A few years ago now I was sitting in St John with a group of family and friends feeling very happy to be there and scanning the menu for what I knew was going to be a delicious supper. Amongst this small group was my late and much loved brother in law. He immediately had a contented look on his face having seen braised rabbit in a mustard sauce on the menu a dish he was relishing. He ordered it only to be told that it was no longer available. He was furious bearing in mind that it was only 8 o’clock in the evening and even more so when, to the consternation of all, he was told that alternative mains of a beef stew, a grilled dover sole, and ox tongue with boiled potatoes were also now, at this late hour, off the menu. I remember vividly him asking the waiter for a pen, gathering up all our menus and putting thick blue lines through all these now absent dishes, then, turning on the red faced waiter… ” What’s left ? ” Very little was the answer. I suppose we somehow muddled through on that occasion but, dining there more recently with four regular dining companions a similar problem arose. Not, on this occasion, of nothing left on the menu to choose from but, rather, a menu of 8 possible main courses of which only 1 was appealing to the table. The 1 was grouse and it was excellent. We asked, perhaps sacreligiously, for the grouse to be cooked medium and it was. I must say that the tendency to cook game so that it is almost bloody puts me off ordering, especially in restaurants where they say ” that’s the way we serve it “. I always want to reply ” well, that’s not the way I want to eat it”. I still have a memory of a table of Americans in what was a famous Parisian restaurant way back when, L’Archestrate of blessed memory, fulminating over a pressed duck out of which fresh red blood was being squeezed to make a sauce. Why ?, I asked myself.
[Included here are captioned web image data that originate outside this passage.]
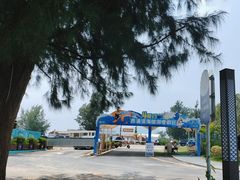 -西涌国际滨海旅游区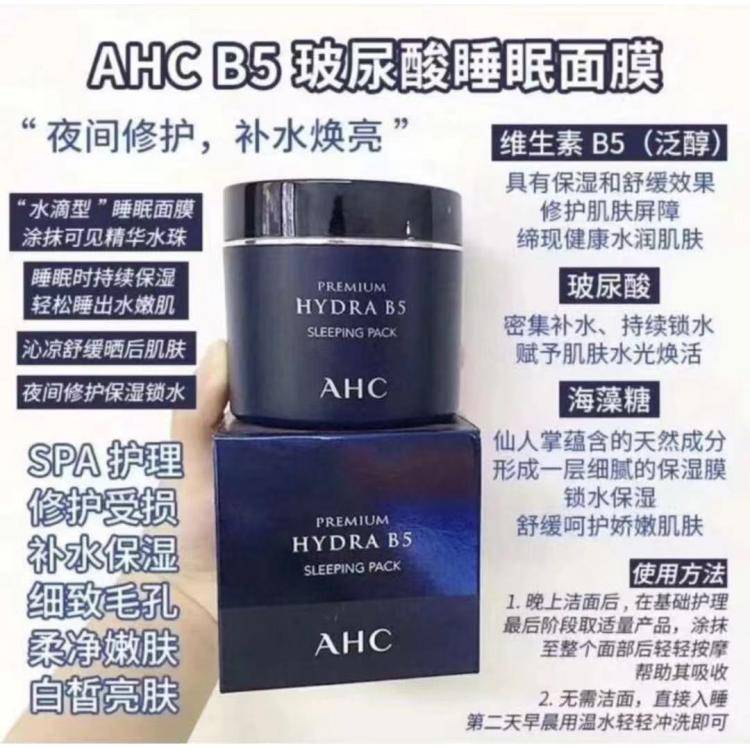 韩国AHC新款B5玻尿酸爆水夜间睡眠面膜免洗100ML补水保湿舒缓紧致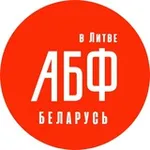 Аватар канала АБФ в Литве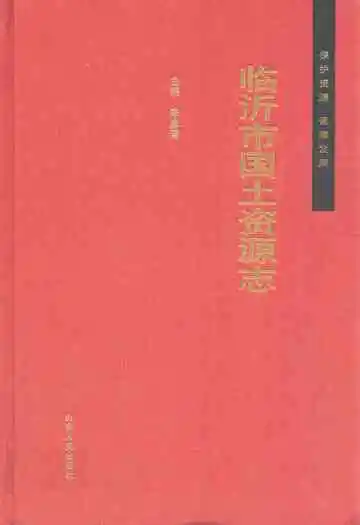 临沂市国土资源志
But I digress, the grouse was roasted to perfection, served on a bed of creamy bread sauce and skeletons on plates were further testament to its excellence. It goes without saying that the premium starter at St John is the roast bone marrow with parsley salad and home baked toasted sour dough bread. Try as I might I have never managed to change my starter order over the years, but two of my friends opted for the fresh grilled sardines which were large meaty slightly oily and delicious with a squeeze of lemon. Desserts ranged from a tangy apple crumble through bread pudding with butterscotch sauce, a little on the sweet side for me, to the best of all, Eccles cake and Lancashire cheese, sweet and savoury combined. I say without fear of contradiction, the St John’s bakery make the finest Eccles cakes available and these can also be bought along with first class breads at the bakery counter.
Of course, there is a reason for a small contained menu that might not always please in that everything offered is fresh in that day and bought for an anticipated number of diners so, fair enough. The servers are charming and well informed and whilst the chairs might not be the most comfortable, I love the space for its whiteness.
My only caveat, like that of my lovely brother in law, was, that if the grouse had been off it would have been a real struggle.